Discussion in 'Vintage Topic Archive (Sept - 2009)' started by .40cal_in_Idaho, Nov 30, 2007.


    Went to the range today with my C9. Put 100 rounds downrange. Packed up and went home. Got home, opened up my range bag...no C9. I LEFT IT AT THE RANGE!

    My first thought was, "Oh, God." I called the range, and fortunately, another, MORE RESPONSIBLE firearm owner turned it in to staff. I was VERY, VERY, VERY, VERY fortunate that they did. All I could think about was the worst that could happen. I was on the verge of tears the whole way back to the range. I still have a sick feeling in the pit of my stomach as I write this.

    Now I wonder: Am I really responsible enough to own, carry and operate ANY firearm? It may sound as if I am beating myself up too much over this, but this is HUGE. This could have gone very, very badly.

    I do have the serial numbers of my weapons at home and on my person (USB flash drive, password protected).

    PLEASE, PLEASE, PLEASE do not do what I did.
  2. Glad an honest person found it.

    I am anal about accounting for all weapons before leaving the range to the point that it drives my friends nuts, but at our unmonitored rural range I GUARANTEE if I left a weapon, it would have a new owner unless I got back before anyone else used the range.

    Dont beat yourself up too bad, but do learn from your mistake.

  3. Berating yourself serves no useful purpose. Rather than kick yourself, just resolve to adopt habits that will serve you better in the future.

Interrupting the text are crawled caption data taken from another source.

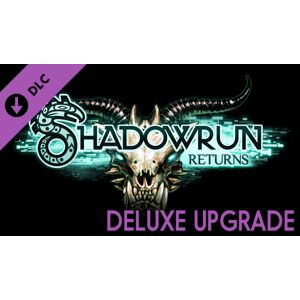 Paradox Interactive Shadowrun Returns Deluxe Upgrade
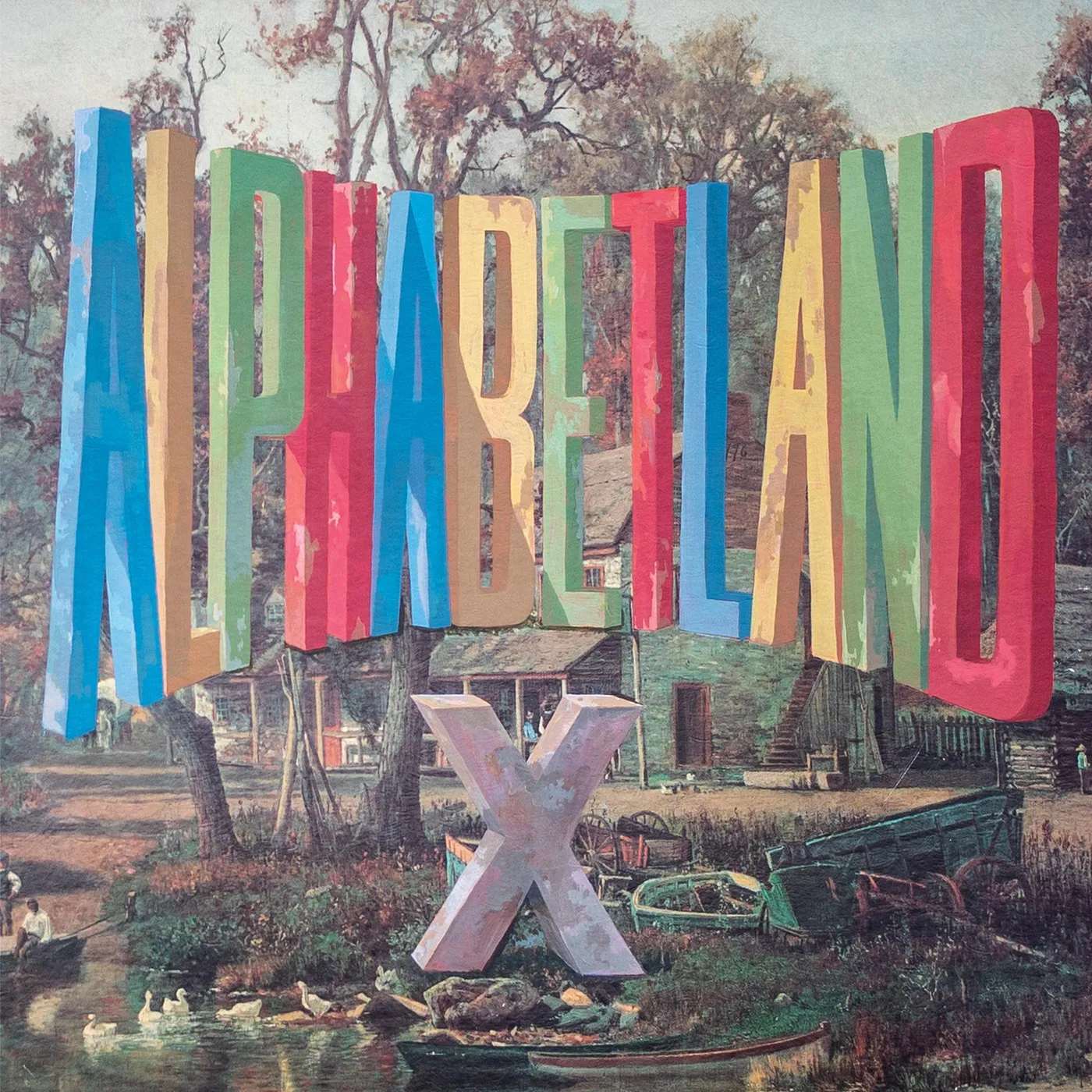 X  ALPHABETLAND CD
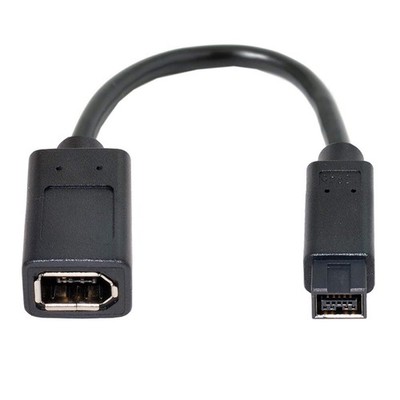 IEEE 1394 6Pin Buchse 1394a bis 1394b 9Pin Beta Stecker Firewire 400Mbps bis ...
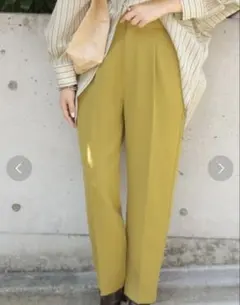 CIAOPANIC TYPY 楽ちんイージーケアテーパードパンツXS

    Make it a point to double check, then look again to make sure you've cleaned up and put away everything you should. These positive habits will serve you, and anyone with you, well in the future.

    Since nobody was harmed, just look at this as an inexpensive lesson to be taken seriously and an event to never be repeated.
  4. I'm trying to remain positive about this, but it is very difficult, considering what happened. It is next to impossilbe to not think of what could have happened.

    For some reason I have been spared and given a second chance, which WILL NOT be wasted. It shouldn't have happened in the first place, but it did.

    waltham41, nothing wrong with being anal about it. I should have been from the start.

    I know that I was distracted by the guy in the next stall. Shooting an MP5 after all.

    However there is no excuse for what might have become a very ugly situation.

    Trying to remain positive,

  5. Dude, honestly, that would scare the absolute bejesus out of me. Not because of the gun. Hell, the gun is replaceable. BUT, if that gun was taken and used in a crime and the cops recovered it and came back looking for you, that's where it gets bad.

    I am glad that you had a positive end to the situation.... Keep your wits about you brother, nothing bad happened.
  6. elguapo

    elguapo Guest

    Awareness is the key. Safety and awarenes are two immutable truths with gunownership. I am glad as well, you got it back. If you get into OCD like habits with making sure where your firearms are, then so be it.
  7. It did scare the crap out of me. As you menitoned, I wasn't worried about the gun itself, but where it could have ended up. I damn near tossed my lunch when I did not find it in my range bag.
  8. Sometimes things like this happen for a reason , It was a wakeup call either for you or for one of us that might be a little careless at the range . We all make mistakes in our lives , but the main thing is how we learn from them and how we change our lives .
  9. minidriver

    minidriver Member

    Good God .40Cal,,,,,, I hate to say it,,,, but DAMN,,,,,,,,,, that almost like leaving a kid behind. I alaways always make sure to police the booth,,, local range requires we pick up our brass. I can't even imagain forgetting a gun of mine,,, even if the guy in the next booth had a gun out of an A-10 Thunderbolt 2. Quit being a mandroid and start paying attention. Hate to be so hard on ya,,, but dude,,,,,,,,,,,,,,,,,,,,,,,,,, good night Irene,,,,,,,,,,that is a BAD mistake.
  10. hpman

    hpman Guest

    Couldn't you just immediately report it stolen to the police. Hypothetically speaking, whoever took the gun knew it was not theirs and if they did not turn it into the range master then they stole it. You can not just take something that does not belong to you even though it is just sitting there and nobody is watching. Don't beat yourself up. I wouldn't worry about someone taking the gun as much as I would worry about some kid coming along and picking it up and getting hurt.

    Character is what you do when no one is watching.
  11. vallen

    vallen Member

    I'm glad you recovered your weapon, but - Why would this be a sticky?
  12. Mumbles

    Mumbles Guest

    I believe that would be called filing a false police report.
  13. I'll bet you don't do that again.
  14. As a reminder that we must be at all times alert when handling ANY firearm.

    We are, after all, only human, and prone to error.